Duds and Diamonds: Part 1

If you want to find a forever home, you have to look at some duds and diamonds.  The day after Tom and I decided to buy a house, our realtor lined us up with two houses to tour.

Tom and I prioritized the things that were important to us.  We want a house we can grow old in, so it needed a first floor master bedroom, bath, and laundry.  Tom wants at least an acre of land so he has plenty of room to putter.  We want to store the RV on the property.  And I want a place where I can walk every day without driving somewhere.  We don’t want to be too far from church or shopping.
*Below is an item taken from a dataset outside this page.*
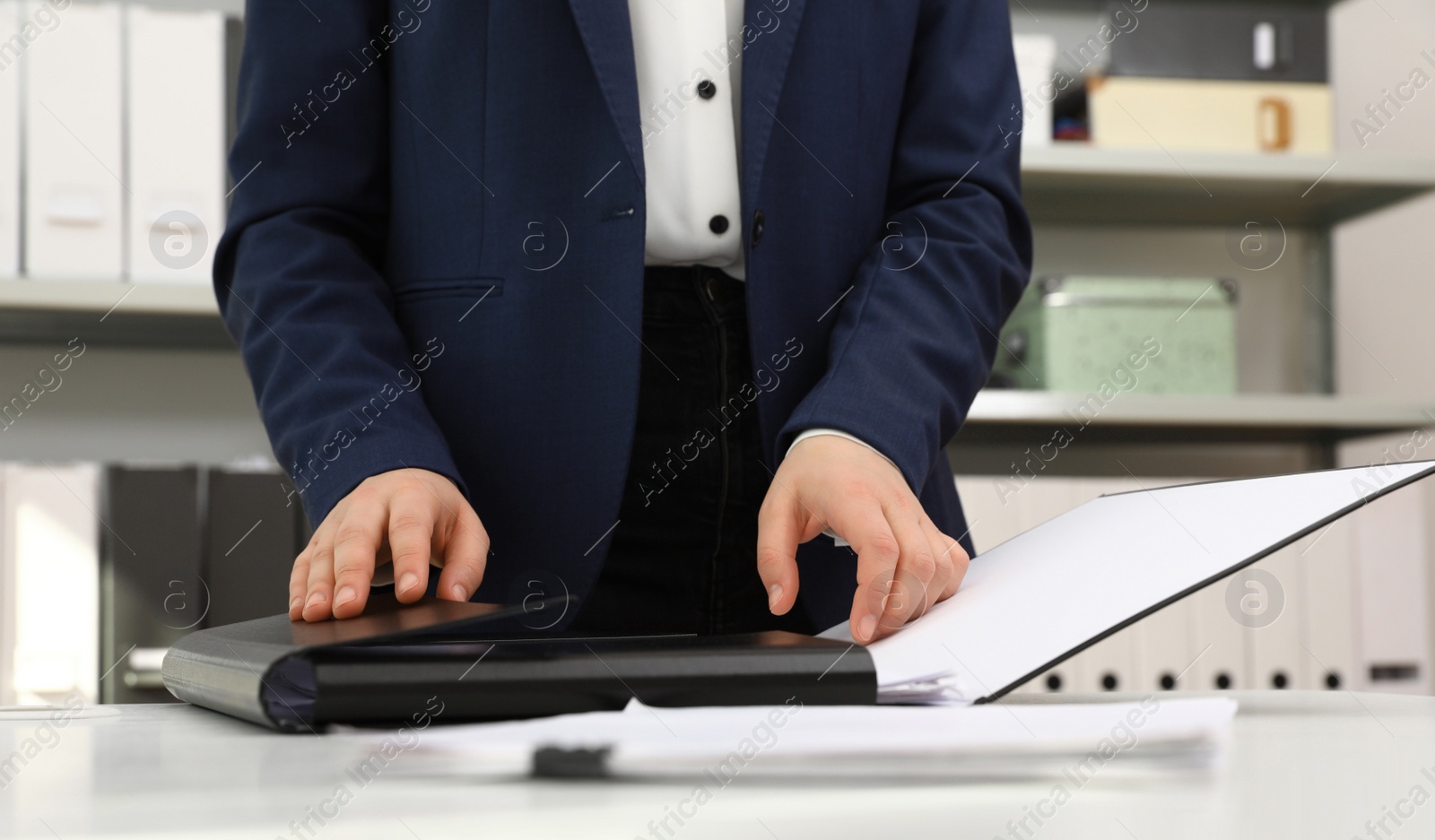 Photo of Woman working with documents at table in office, closeup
We decided to limit our search to Delaware County, just north of Columbus.  This would keep us within 1/2 hour of John and Jackie and less than an hour to my parents’ house.  Franklin County also has restrictions on parking an RV on your property.  Many new developments in Delaware County also have these restrictions so we wanted to avoid those.

The first two properties met all of our criteria, so they were good places to start.  Would they be duds or diamonds?  Touring them also gave our realtor, Sherri Resnick, an opportunity to meet us and see how important each of our priorities was.

The first house we looked at was a 3 bedroom, 2 bath ranch on two acres of land on Big Walnut Road.  The pictures of the house on Zillow make it look really good – updated, nice and open.  But it has been on the market for four months with the price being lowered every month.  In a hot market like Columbus, that tells you something.   The property was amazing and backed up to McNamara Park, which meant plenty of tinkering for Tom and walking for me.  But the house!

Definitely a dud.  Someone spent a ton of money to put in new floors and a beautiful new kitchen.  But, like lipstick on a pig, it was a waste of money.  The roof joists were rotting – you could tell by the way the roof sagged outside.  The sunroom and decks were falling down and the barn outbuilding was so rickety we didn’t dare walk in it.  There were two bathrooms and renovation had been started on both and not finished.

Tom and I agreed that the property was nice, but the house was not salvageable.  We both felt we would have to tear it down and start over.  Not something we want to tackle at this point in our lives.  Maybe, as the price continues to come down, someone will want to buy the property for a beautiful new home.

The second house was just down Tussic Road in Westerville.  A 4 bedroom, 2 bath ranch on an acre lot.  The house was very clean and updated but had a strange layout.  There was a living room with two bedrooms and a bath down a hall behind it.  Then there was a large eat-in kitchen with two bedrooms and a bath off of that.  It looked like those two bedrooms were an addition at some point.  Although the rooms were updated, the color choices were so strange that I felt like I would have to redo most of them to live in them.

The house had an acre of lawn around it, with a nice sized two car garage.  But the house and land were leftovers from the days the land was out in the country.  Next door was an even older farmhouse, but everything else in the vicinity was brand new developments.  In the open backyard, we could see into the yards of a half a dozen neighbors.

The house was downhill on a very busy street.  It felt noisy and crowded.  I could walk on the sidewalks and in the neighborhoods but it was definitely city living.  Another dud.

Although both of the houses were duds, Tom and I were not discouraged.  Sherri had plenty of houses for us to look at – lots of properties that met our requirements.  And now she had a better idea of what to show us.

There are always going to be duds and diamonds.  The trick is knowing what is right for you.  What can you live with?  What can you change?  Tomorrow I will write more about our search for the right house for us.